Photographer Timothy Feresten visits Amarillo

Ranger Reporter

Timothy Feresten

Aim, click, flash, repeat. That’s how Timothy Feresten spent a lot of his time after he arrived in Amarillo Oct. 21.

Feresten, a professional photographer, spoke to Amarillo College students Oct. 24 during his week-long stay in the Panhandle. Having previously known Feresten, Rene West, a photography instructor, was familiar with Feresten’s work and invited him to visit AC. West said she believed his work met AC’s institutional theme, “Be the Change,” as he has photographed villages in Vietnam aiming to change and restore the natives’ environment.

“I was more than happy to come,” Feresten said. “I was an educator for a long time, but now I only get to teach once or twice a year.”

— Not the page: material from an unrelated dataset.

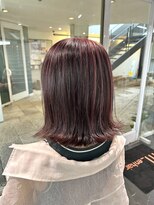 サンエンヘアー(lll_en hair)&nbsp;アンブレラカラー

Feresten has pursued digital photography for five years and said he is by no means proficient in such photography.He said it is a learning process.

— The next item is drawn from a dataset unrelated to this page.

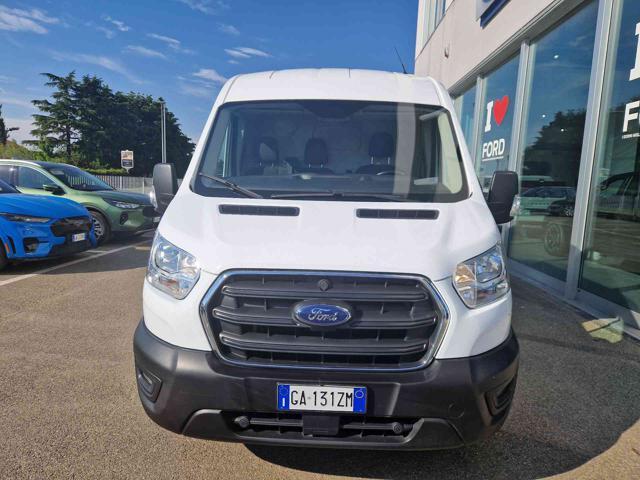 FORD Transit 330 2.0TDCi EcoBlue 130CV PM-TM Furgone Trend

During his time in Amarillo, Feresten gave a presentation for anyone curious about photography and his work. “I hope I was helpful,” he said. “It is exciting to see how other people interpret the world, especially young people in photography, because it is a learning curve.”

West said Feresten’s talk encompassed some of his early work and how he got into non-government organization (NGO) photography. Feresten said he now is committed to helping small businesses aid broken-down villages through micro credits.

West described Feresten as truly a working photographer. “As soon as he got off the plane, he started taking pictures,” she said.

West said Feresten spent a lot of time with the photography students. “When students can meet a professional in their field, it is always a positive thing,” she said.

Feresten also taught a two-hour workshop while he was at AC. “A lot of missionary kids were in the class, and he helped teach them that they can use their cameras as a tool to help their outreach,” West said.

After attending Feresten’s lecture, photography major Travis Lindow said, “I got a better perspective of cultural differences between India, Africa, Korea and other places because of how he captured each image.”

Lindow explained that photography students always benefit from professionals visiting campus because students can ask for advice about work experience, selling oneself as a photographer or the technical side of photography. “Like all other visiting artists, the students can show their photos and get a professional opinion,” he said.

Pictures from Feresten’s visit to Vietnam will be on display on the first floor of Lynn Library through Nov. 30.